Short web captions

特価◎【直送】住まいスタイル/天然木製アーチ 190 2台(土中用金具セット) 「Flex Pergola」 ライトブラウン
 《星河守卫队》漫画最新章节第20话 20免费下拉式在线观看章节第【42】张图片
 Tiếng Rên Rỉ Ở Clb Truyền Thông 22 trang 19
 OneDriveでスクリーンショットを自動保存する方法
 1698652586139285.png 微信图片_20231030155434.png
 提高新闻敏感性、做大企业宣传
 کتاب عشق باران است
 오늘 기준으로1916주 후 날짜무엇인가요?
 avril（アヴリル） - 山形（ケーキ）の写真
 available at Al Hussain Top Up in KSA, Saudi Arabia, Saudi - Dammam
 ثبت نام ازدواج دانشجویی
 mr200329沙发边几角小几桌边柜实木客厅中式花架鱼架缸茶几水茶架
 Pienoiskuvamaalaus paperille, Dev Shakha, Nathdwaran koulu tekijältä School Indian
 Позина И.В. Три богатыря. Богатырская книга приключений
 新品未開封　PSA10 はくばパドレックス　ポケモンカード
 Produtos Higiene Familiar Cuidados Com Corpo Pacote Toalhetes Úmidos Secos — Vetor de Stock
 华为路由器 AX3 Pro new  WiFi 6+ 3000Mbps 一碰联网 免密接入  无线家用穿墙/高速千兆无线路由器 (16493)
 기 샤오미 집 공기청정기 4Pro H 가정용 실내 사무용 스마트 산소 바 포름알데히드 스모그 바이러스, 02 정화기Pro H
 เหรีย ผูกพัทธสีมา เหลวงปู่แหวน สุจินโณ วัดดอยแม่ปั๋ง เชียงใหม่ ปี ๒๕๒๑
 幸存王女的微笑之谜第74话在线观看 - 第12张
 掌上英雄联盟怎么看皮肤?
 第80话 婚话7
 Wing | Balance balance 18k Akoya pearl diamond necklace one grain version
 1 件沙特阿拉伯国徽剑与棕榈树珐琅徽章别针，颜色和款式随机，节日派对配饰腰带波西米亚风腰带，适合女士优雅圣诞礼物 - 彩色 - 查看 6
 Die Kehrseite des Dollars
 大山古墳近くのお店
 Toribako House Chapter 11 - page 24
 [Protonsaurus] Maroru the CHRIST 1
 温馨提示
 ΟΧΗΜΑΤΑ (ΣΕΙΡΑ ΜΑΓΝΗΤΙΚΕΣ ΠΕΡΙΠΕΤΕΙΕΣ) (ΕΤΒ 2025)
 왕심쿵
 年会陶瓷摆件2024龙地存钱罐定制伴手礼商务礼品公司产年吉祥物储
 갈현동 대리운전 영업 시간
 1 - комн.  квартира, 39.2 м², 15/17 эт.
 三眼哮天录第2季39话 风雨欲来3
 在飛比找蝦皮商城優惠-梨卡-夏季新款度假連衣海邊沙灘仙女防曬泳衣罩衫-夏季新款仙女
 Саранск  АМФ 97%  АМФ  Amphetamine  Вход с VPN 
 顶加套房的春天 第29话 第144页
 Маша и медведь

§ Work item
Output exactly the line containing "掌上英雄联盟怎么看皮肤?" together with every line after it, ending at the final line of the entries.

§ Answer to this exercise
 掌上英雄联盟怎么看皮肤?
 第80话 婚话7
 Wing | Balance balance 18k Akoya pearl diamond necklace one grain version
 1 件沙特阿拉伯国徽剑与棕榈树珐琅徽章别针，颜色和款式随机，节日派对配饰腰带波西米亚风腰带，适合女士优雅圣诞礼物 - 彩色 - 查看 6
 Die Kehrseite des Dollars
 大山古墳近くのお店
 Toribako House Chapter 11 - page 24
 [Protonsaurus] Maroru the CHRIST 1
 温馨提示
 ΟΧΗΜΑΤΑ (ΣΕΙΡΑ ΜΑΓΝΗΤΙΚΕΣ ΠΕΡΙΠΕΤΕΙΕΣ) (ΕΤΒ 2025)
 왕심쿵
 年会陶瓷摆件2024龙地存钱罐定制伴手礼商务礼品公司产年吉祥物储
 갈현동 대리운전 영업 시간
 1 - комн.  квартира, 39.2 м², 15/17 эт.
 三眼哮天录第2季39话 风雨欲来3
 在飛比找蝦皮商城優惠-梨卡-夏季新款度假連衣海邊沙灘仙女防曬泳衣罩衫-夏季新款仙女
 Саранск  АМФ 97%  АМФ  Amphetamine  Вход с VPN 
 顶加套房的春天 第29话 第144页
 Маша и медведь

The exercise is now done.